Today we have the Internet and can research places to eat along the way and once we reach our destination. Restaurant reviews can help to guide the traveler to the best places to eat in a given location. Yes, this is a bit of work, but the results can be outstanding.
Case in point: my husband and I were traveling to Lexington, Kentucky for the annual Indiana Scottish Rite Council of Deliberation. While we could have made the three hour trip without stopping, I knew that this was finally the chance to try out a restaurant in Louisville, Kentucky that I had first heard about on the Food Network show Throwdown! with Bobby Flay. Bobby Flay had shown up to challenge Lynn’s Paradise Café owner Lynn Winter to a breakfast throwdown. Happily, Lynn rose to the challenge and won handily.

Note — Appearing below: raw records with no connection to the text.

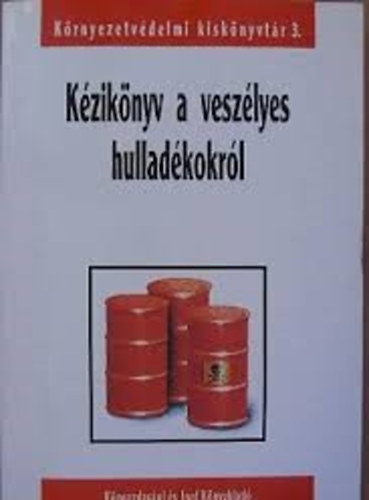 KJK-Kerszv - Kziknyv a veszlyes hulladkokrl
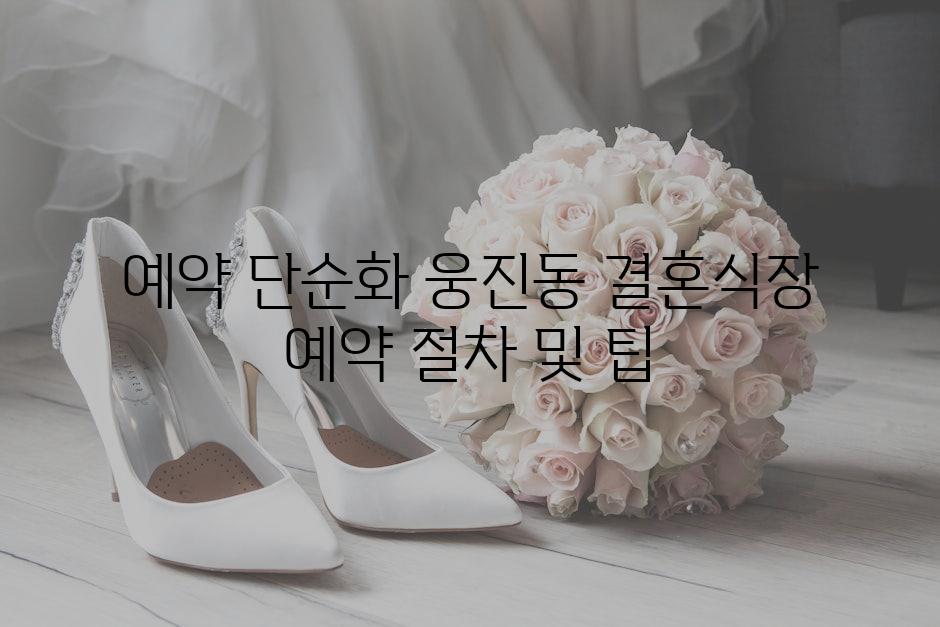 예약 단순화 웅진동 결혼식장 예약 절차 및 팁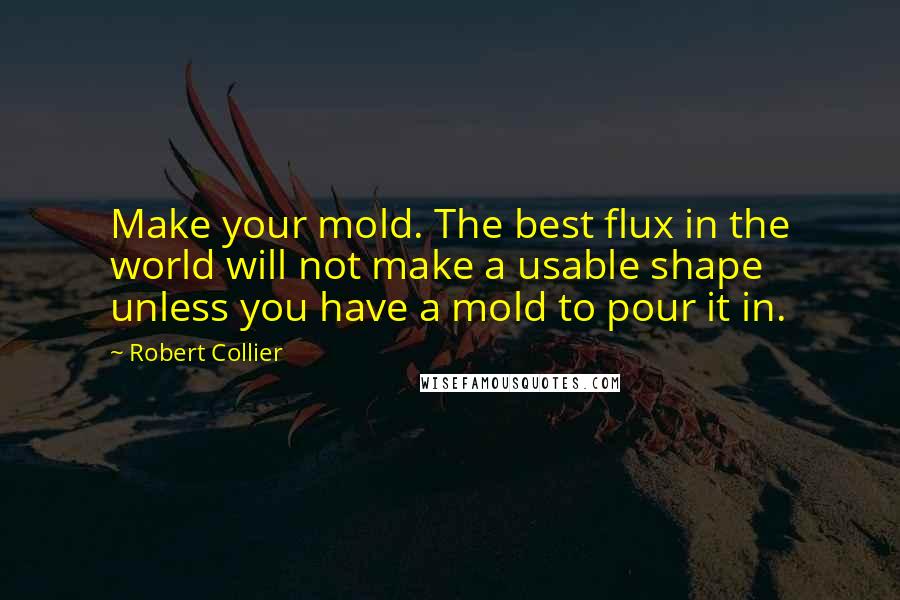 Robert Collier Quotes: Make your mold. The best flux in the world will not make a usable shape unless you have a mold to pour it in.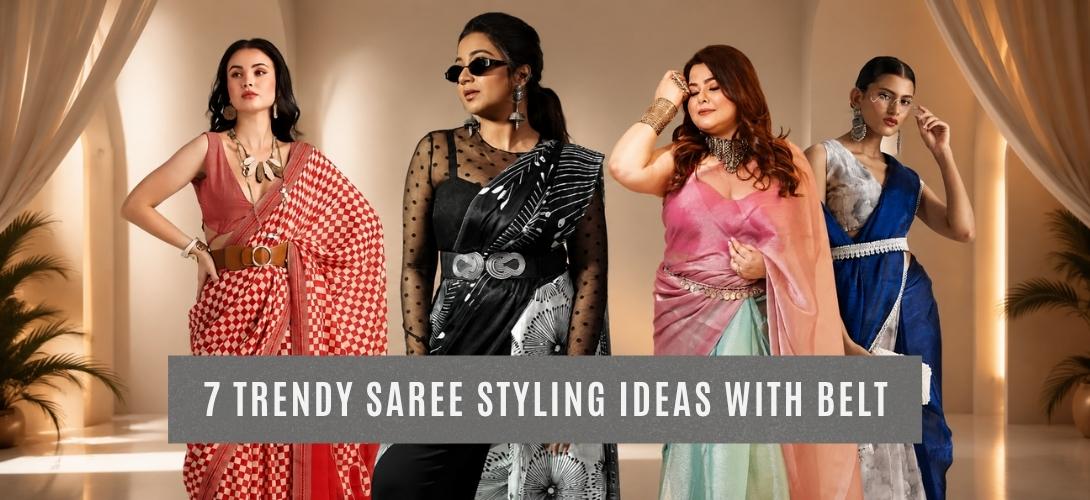 How to Style a Saree With a Belt: 7 Modern Styling Tips to Rock the Indo-Western Look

Owner Lynn misses no opportunity to interject fun and color in and on the building.
Even the parking lot is decorated.
The entire front section of the building was dedicated to selling merchandise, most of it as quirky and eclectic as the restaurant looked to be. Everything from wacky hats to toys to gag gifts filled the area.
On second thought, we really should have only ordered one dish for the both of us. Each serving could have fed a small village. Oh my, no wonder this dish sent Bobby Flay packing back to New York City. This is heaven on a plate.
After eating all that we could, and believe me, we both tried, we paid our bill and left. We later realized that we had left a bit of ourselves behind as my husband left his IU ball cap at the restaurant.
Sadly, though I looked, I didn’t catch sight of the elusive owner while we were there. I was really hoping to meet this interesting woman. Perhaps we will return one day and try the other dish that beat an Iron Chef’s best dish.